Wednesday's Wall Street Journal had a front page article (no link) headlined "Real-Estate Financier's Death Hints At Trouble For Lenders," which recapped the tale of Scott Coles, a "flamboyant real-estate financier" who apparently committed suicide last month at the age of 48, potentially at the result of increasingly leveraged loans that destroyed his company, Mortgages Ltd, one of Arizona's largest private lenders during the real-estate boom.
Coles attempted to cover loan defaults by trying to raise additional funding while undermining the initial investors who gave him over $700M. When his additional round came up with a mere $10M, in the face of $131M in future obligations to borrowers, Coles may have taken drastic action rather than face the mounting lawsuits from investors, who brought charges of fraud, racketeering, and breach of fiduciary duty (in addition, Coles' personal life was also under duress, as he separated from his second wife).
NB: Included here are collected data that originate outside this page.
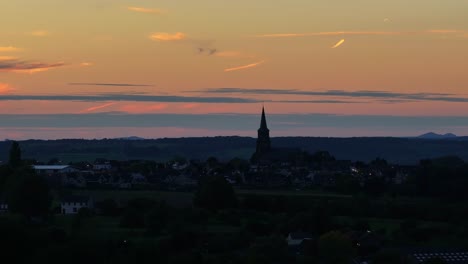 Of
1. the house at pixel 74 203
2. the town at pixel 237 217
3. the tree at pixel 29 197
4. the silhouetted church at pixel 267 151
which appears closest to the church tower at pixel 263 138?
the silhouetted church at pixel 267 151

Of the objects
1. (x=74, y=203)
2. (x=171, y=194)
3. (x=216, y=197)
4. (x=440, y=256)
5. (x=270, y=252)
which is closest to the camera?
(x=270, y=252)

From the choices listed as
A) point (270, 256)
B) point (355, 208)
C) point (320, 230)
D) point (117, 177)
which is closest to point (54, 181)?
point (117, 177)

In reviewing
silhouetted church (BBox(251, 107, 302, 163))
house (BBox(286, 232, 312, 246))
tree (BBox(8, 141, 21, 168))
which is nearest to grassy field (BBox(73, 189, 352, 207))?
tree (BBox(8, 141, 21, 168))

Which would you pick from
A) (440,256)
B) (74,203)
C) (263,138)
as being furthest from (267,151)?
(440,256)

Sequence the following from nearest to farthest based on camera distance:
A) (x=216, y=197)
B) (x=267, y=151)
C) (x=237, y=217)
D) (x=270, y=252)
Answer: (x=270, y=252), (x=237, y=217), (x=216, y=197), (x=267, y=151)

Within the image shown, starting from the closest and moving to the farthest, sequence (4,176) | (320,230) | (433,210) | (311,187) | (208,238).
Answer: (208,238) → (320,230) → (433,210) → (4,176) → (311,187)

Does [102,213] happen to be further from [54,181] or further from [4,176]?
[54,181]

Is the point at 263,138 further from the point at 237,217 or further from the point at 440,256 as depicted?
the point at 440,256

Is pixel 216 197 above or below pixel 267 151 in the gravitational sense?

So how do our Dodgers fit into this? Buried in the article were details of how he abandoned the conservative investment strategies of the company started by his father, and how Coles instead "...sought bigger, longer-term and riskier loans on signature Phoenix-area projects: a boutique downtown hotel, an entertainment complex at the spring-training stdium for the Los Angeles Dodgers and Chicago White Sox, 21 chateau-style brownstones."
Yikes! You mean, the Dodgers organization is associated with risky highly-leveraged real-estate developers? Gulp.
In a contracting real estate market, I wonder who will now fund that fantasyland theme-park-like P.F. Chang-architectural-style project that Frank McCourt hopes to build around Dodger Stadium?